Desde o golpe de estado - o 25 da silva - ao longo destes últimos trinta e cinco anos, foi sendo incutida na sociedade portuguesa, de forma meticulosa, a falácia que o “sistema” quis implementar, por interesses pessoais e corporativos. O logro foi no sentido de haver democracia, liberdade, etc., slogans, verborreia, divulgados em catadupa que induziram muitos indivíduos, pelo e, no imaginário das “amplas liberdades”. Mas também é certo que houve muitos Portugueses, que sempre questionaram a ilusão, a fantochada, o delírio e a mentira que era “vendida” ao desbarato pelos energúmenos do aleive.
Não é verdade, como se pretende de ser certo, em absoluto, que esta pseudo democracia “aqui domiciliada“, tivesse sido grande virtude, para o bem-estar de todos os Portugueses. Longe disso, para tanto “veja-se” o rumo que o país tomou, o descalabro generalizado, principalmente do “tecido económico”, mas também da justiça, saúde, educação, etc., remete-nos para a incapacidade, imbeciilidade, má-fé desses indivíduos arrivistas e dos ideias nojentos, que aqui despejaram.
A Verdade não pode ser “branqueada” para justificar o injustificável. A Verdade não pode prescrever, só porque os filhos da puta são do partido, ou do “sistema”. Os criminosos não podem ficar ( mais tempo ) impunes, só porque foram feitos uns “escritos” que legislam previamente a sua absolvição. Esta bem patente a protérvia, a nojeira dessa ralé auto denominada de ser - democrática. Que filhos da puta.
A minha vontade em escrever, como posso e sei, é unicamente pela minha Família, onde a Honra e Dignidade, não são palavras vãs. Do seu lado - como chefe do executivo - abusivamente, sente-se “gente grande”, quando emprega a lei do mais forte, contra mim. Como tal excede-se na “omissão”, esconde-se pela covardia de ser corrupto, quando comprovadamente só atende os criminosos do “sistema”. As vítimas, ( a minha Família ) são deixadas no “cemitério do esquecimento”, com impedimento, discriminação, sem informação, da mesma maneira que os filhos da puta dos seus camaradas fizeram.

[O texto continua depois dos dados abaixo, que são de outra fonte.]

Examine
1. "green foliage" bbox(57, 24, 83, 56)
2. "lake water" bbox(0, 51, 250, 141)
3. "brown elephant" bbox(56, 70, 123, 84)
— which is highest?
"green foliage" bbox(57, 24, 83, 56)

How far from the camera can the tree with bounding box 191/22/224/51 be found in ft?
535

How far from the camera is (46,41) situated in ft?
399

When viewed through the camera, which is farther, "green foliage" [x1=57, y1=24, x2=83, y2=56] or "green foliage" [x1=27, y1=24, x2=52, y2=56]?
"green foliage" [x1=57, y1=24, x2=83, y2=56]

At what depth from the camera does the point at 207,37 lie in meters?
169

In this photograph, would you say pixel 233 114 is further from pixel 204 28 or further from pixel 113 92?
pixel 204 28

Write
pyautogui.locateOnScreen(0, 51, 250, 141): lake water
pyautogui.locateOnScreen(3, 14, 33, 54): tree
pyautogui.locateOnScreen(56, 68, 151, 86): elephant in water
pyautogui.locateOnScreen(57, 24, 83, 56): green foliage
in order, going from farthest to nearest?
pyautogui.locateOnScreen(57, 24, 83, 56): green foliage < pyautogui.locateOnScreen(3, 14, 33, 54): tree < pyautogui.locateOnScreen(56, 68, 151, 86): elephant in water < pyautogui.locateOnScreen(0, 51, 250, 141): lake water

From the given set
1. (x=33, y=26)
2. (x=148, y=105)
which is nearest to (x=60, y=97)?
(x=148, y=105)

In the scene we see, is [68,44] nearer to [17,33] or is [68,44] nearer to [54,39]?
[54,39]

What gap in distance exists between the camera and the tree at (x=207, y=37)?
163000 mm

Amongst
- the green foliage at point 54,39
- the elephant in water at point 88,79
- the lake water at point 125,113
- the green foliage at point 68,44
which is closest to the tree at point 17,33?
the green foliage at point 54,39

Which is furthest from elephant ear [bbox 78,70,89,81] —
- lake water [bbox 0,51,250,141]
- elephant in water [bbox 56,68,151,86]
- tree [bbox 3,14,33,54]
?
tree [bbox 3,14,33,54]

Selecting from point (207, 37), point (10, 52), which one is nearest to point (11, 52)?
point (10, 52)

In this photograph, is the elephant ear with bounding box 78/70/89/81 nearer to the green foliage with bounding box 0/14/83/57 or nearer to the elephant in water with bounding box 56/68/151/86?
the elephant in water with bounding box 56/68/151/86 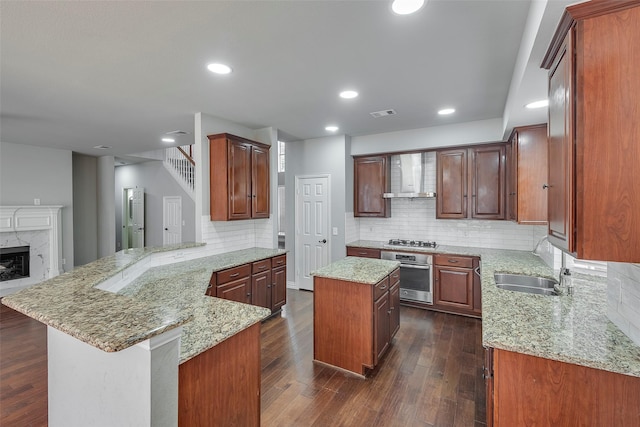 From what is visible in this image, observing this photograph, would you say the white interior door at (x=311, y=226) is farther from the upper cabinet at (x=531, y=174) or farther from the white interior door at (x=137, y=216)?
the white interior door at (x=137, y=216)

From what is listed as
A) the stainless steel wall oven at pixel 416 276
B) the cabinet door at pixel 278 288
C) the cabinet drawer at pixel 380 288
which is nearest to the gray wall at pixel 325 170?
the stainless steel wall oven at pixel 416 276

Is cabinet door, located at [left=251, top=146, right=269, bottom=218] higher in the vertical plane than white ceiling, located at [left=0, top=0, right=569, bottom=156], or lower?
lower

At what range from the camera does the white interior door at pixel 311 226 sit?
5073mm

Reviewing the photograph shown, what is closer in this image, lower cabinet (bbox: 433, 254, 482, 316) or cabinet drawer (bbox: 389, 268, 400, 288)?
cabinet drawer (bbox: 389, 268, 400, 288)

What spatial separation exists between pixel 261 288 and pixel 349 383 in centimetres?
165

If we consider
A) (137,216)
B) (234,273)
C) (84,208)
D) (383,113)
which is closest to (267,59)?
(383,113)

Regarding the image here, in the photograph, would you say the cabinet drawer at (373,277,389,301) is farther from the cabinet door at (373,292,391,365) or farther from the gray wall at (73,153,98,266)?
the gray wall at (73,153,98,266)

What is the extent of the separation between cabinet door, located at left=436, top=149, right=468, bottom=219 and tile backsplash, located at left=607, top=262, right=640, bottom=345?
2.66m

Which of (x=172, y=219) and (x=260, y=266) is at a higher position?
(x=172, y=219)

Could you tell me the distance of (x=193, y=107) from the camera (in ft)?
11.4

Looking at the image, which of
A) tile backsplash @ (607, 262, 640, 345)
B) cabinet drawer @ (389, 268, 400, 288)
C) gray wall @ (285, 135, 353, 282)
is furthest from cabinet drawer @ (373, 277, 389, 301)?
gray wall @ (285, 135, 353, 282)

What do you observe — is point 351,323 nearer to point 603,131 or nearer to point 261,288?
point 261,288

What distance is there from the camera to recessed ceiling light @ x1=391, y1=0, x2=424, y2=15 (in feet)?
5.40

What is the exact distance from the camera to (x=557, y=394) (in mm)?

Mesmo quando consta no vosso “livro mor“, no artigo 37º, Liberdade de expressão e informação, o seguinte:
1) Todos têm o direito de exprimir e divulgar livremente o seu pensamento pela palavra, pela imagem ou por qualquer outro meio, bem como o direito de informar, de se informar e de ser informados, sem impedimentos nem discriminações.
2)O exercício destes direitos não pode ser impedido ou limitado por qualquer tipo ou forma de censura.
3)As infracções cometidas no exercício destes direitos ficam submetidas aos princípios gerais de direito criminal ou do ilícito de mera ordenação social, sendo a sua apreciação respectivamente da competência dos tribunais judiciais ou de entidade administrativa independente, nos termos da lei.
4)A todas as pessoas, singulares ou colectivas, é assegurado, em condições de igualdade e eficácia, o direito de resposta e de rectificação, bem como o direito a indemnização pelos danos sofridos.
FAMÍLIA, HONRA, DIGNIDADE.
(em memória do meu Pai, da minha Mãe e da minha Tia)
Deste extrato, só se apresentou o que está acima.